J. M. Ferreira Cunquero

Detalle Basílica de la Natividad de Belén. Foto jmfc
Se me revuelven las tripas cuando algún excéntrico personaje de la bobería pública, pensando en sus cuatro acólitos seguidores, predica sentando cátedra. Más me cabrea aún que se ataquen por sistema algunas de nuestras tradiciones.

Escuchar que alguien quiere abolir la palabra Navidad de un alumbrado público o de cualquier manifestación institucional, la verdad, sin rodeos, da asco.

Lo de esta  pobre gente es un desliz chapucero para el sentido común que, desde las poltronas del poder, ansía tamizarnos el cerebro, mientras se erigen en precursores de una libertad color rojillo pálido agonizante, que es la leche.

Según ellos, deberíamos celebrar el solsticio de invierno, en vez de esta fiesta que en diciembre reúne a personas trasnochadas alrededor de una historia increíble.

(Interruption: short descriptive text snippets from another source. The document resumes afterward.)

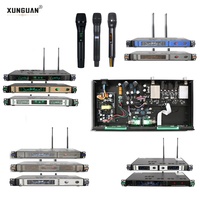 Microphone sans fil à tube électronique XUNGUAN série R-06 avec portée de réception de 80 mètres, système sans fil pour église/scène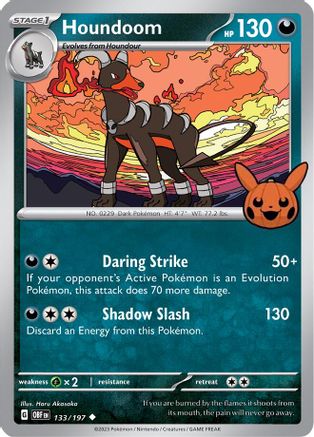 Houndoom 133 Trick or Trade BOOster Bundle 2024 - Uncommon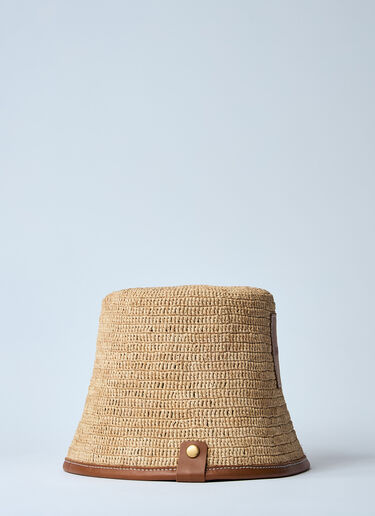 Jacquemus Le Bob Soli Bucket Hat Beige jac0260038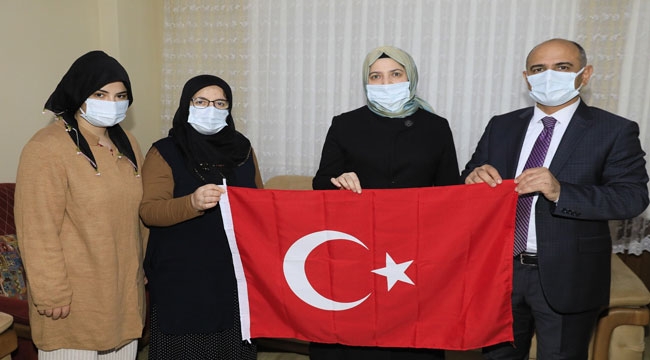 BAŞKAN SÖĞÜT'TEN ŞEHİT AİLELERİNE ZİYARET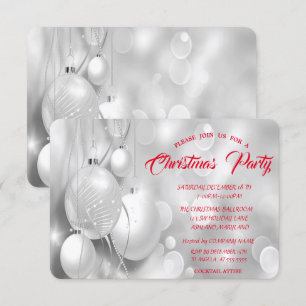 Invitation Soirée de Noël de la société Silver Christmas Ball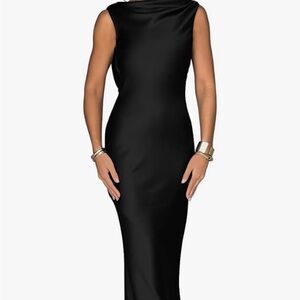 Elegant Black Sleeveless Dress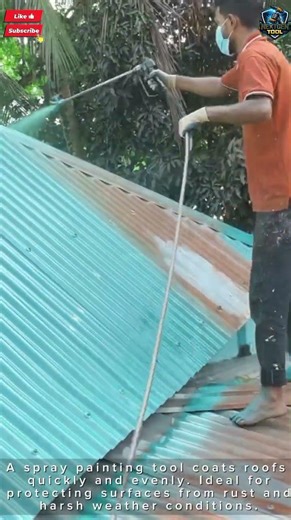 Spray Painting Tool Fast Roof Coating Anti Rust Finish#tool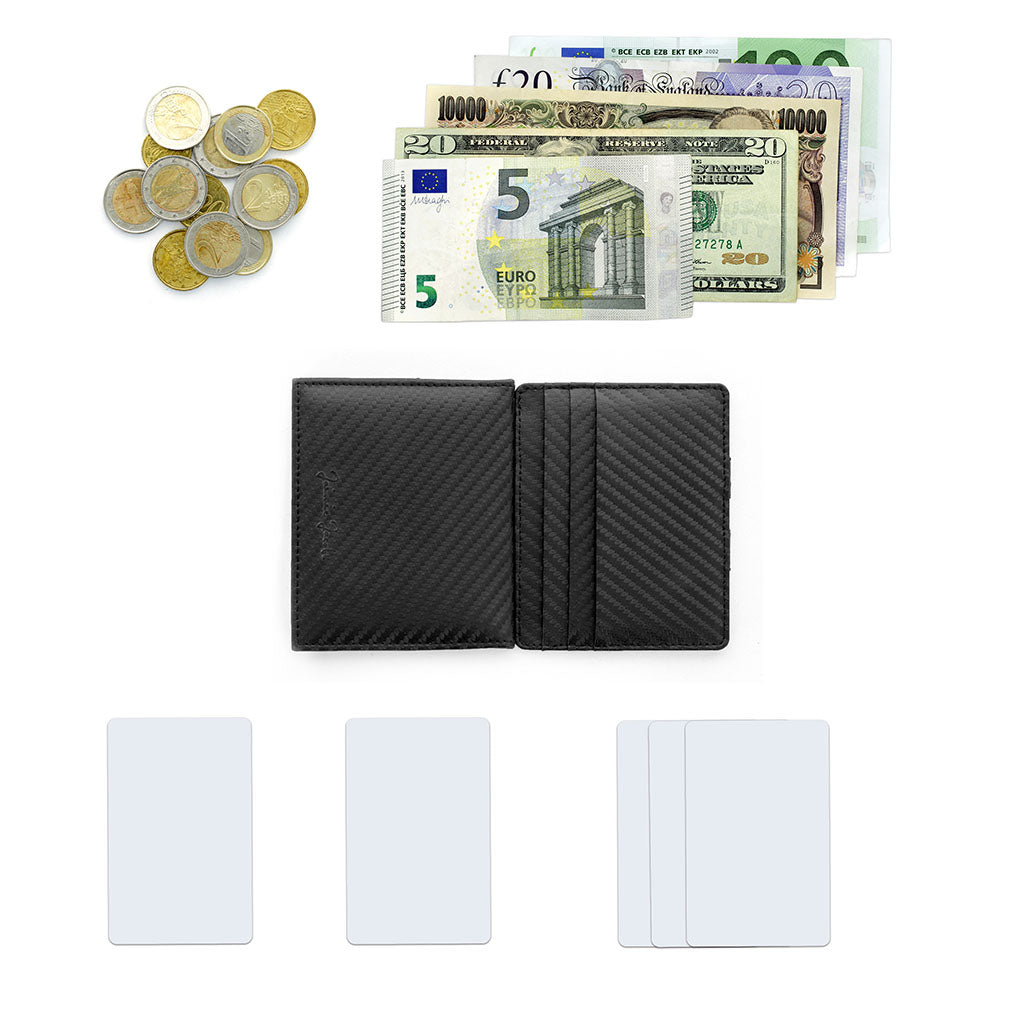 Jaimie Jacobs Geldbeutel Portemonnaie Flap Boy - Magic Wallet with Coin Pocket Flap Boy Magic Wallet with Coin Pocket Genuine Leather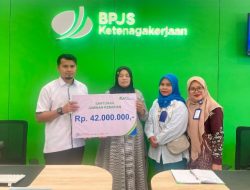 BPJS Ketenagakerjaan Serahkan Santunan JKM Rp42 Juta kepada Ahli Waris Petani di Pasaman
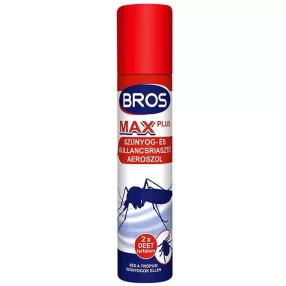 Bros max szúnyog és kullancsriasztó aerosol 90 ml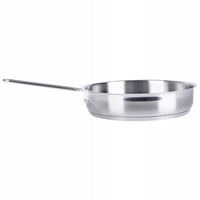 Patelnia Stalowa 18/10 Nierdzewna bez Powłoki Premium Indukcja Gaz 26 cm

Y es que estas molleras del sector iluminado por insulsas verdades progresistas, propone paraísos libertarios, mientras en cualquier coto social al uso, dan caza a tradiciones y costumbres.

Lo de estos voceros suele ser un exabrupto más de esta tortura a la que se nos somete cuando surge el disparate como fruto de un árbol izquierdoso cañí, que no acaba de centrarse en la cosecha.  

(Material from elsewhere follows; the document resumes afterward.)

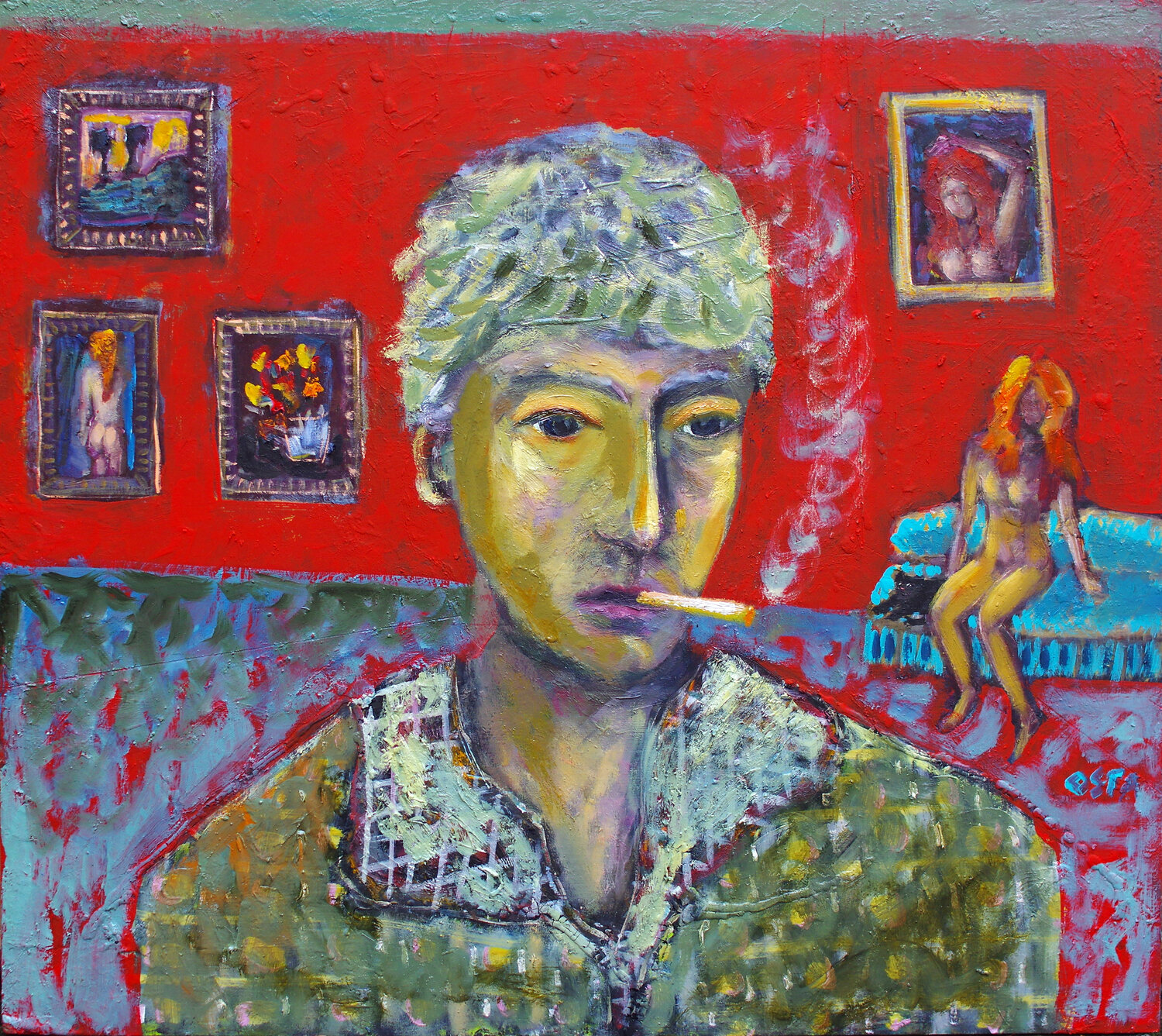 Red Artist (E.C. Bell) Andrew Osta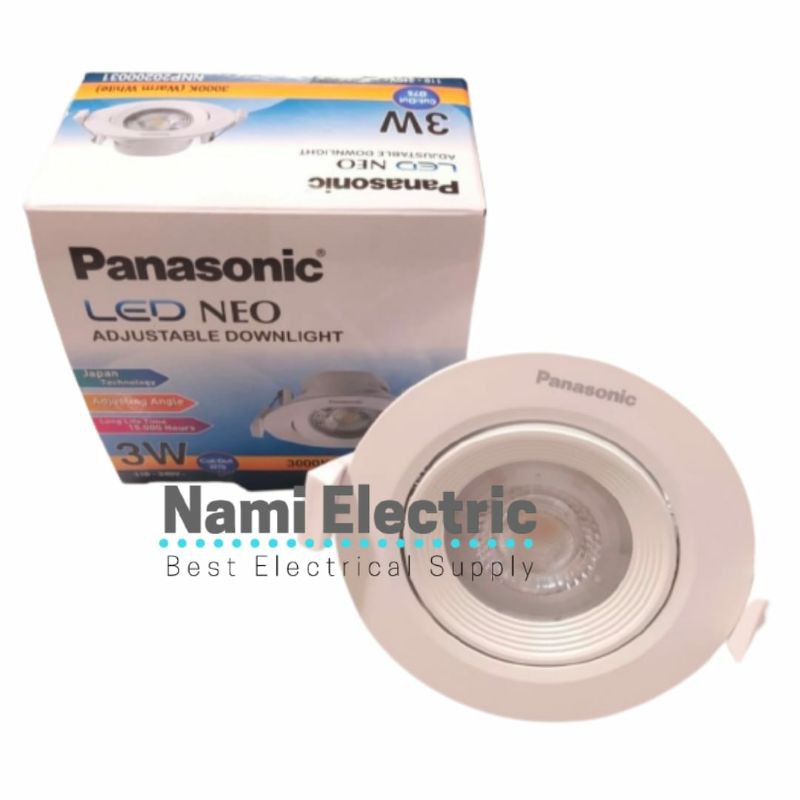 Lampu LED Spotlight / Downlight LED COB Panasonic Neo 3 Watt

Y es que estamos “jartos” de que nos unten el coco con la basura subliminal que pretende que nos volvamos gilipollas repentinos o desmemoriados inconsecuentes.

Aquí que sepamos no hay obligación de adorar a nadie ni de recordar cosa alguna bajo coacción o amenaza. La Navidad puede despertarnos el deseo de poner un abeto o el de darnos un barrigazo contra cualquier trauma insuperable que nos persiga. ¡Allá cada uno con sus pretensiones y apetencias! Pero claro, tocar las napias a costumbres que están entroncadas en las raíces del pueblo, a parte de ser una torpeza, es un desliz contra el que, al menos quienes creemos en la libertad sin ataduras a intereses partidistas, debemos pronunciarnos sin miedo.

Es Navidad, y pese a que en estas fechas sintamos que nos inunda cierta melancolía que reclama raciones de tristeza intocable, el simple reencuentro con los olores y los sabores familiares que perduran en lo más íntimo de nuestra identidad humana, merece la pena. Más aun si vemos en los niños cercanos, lejos del consumo manipulador, esa felicidad radiante de la que eclosiona la sonrisa anual más inocente.

Lo reconozco, gracias a estos chorras, este año, he rescatado el añejo Nacimiento que dormía en el más absoluto de los olvidos y he escrito una carta a los Reyes Magos, solicitándoles que me gestionen mi baja definitiva en la agenda del rollizo anciano “cocacolo”. Lo siento, pero me paso al bando de lo tradicional que degusta en estas fechas el buen turrón de La Alberca, la escarola con granada y el reencuentro con los familiares y amigos. Sí, ese bando en el que nos incluimos todos los cristianos y quienes, más allá del sentido religioso, se identifican con el trasgresor espíritu de la Navidad. Trasgresor para quienes se columpian en los espacios extra modernistas que bombardean sistemáticamente, como si tal cosa, las usanzas que son parte de nuestra identidad como pueblo.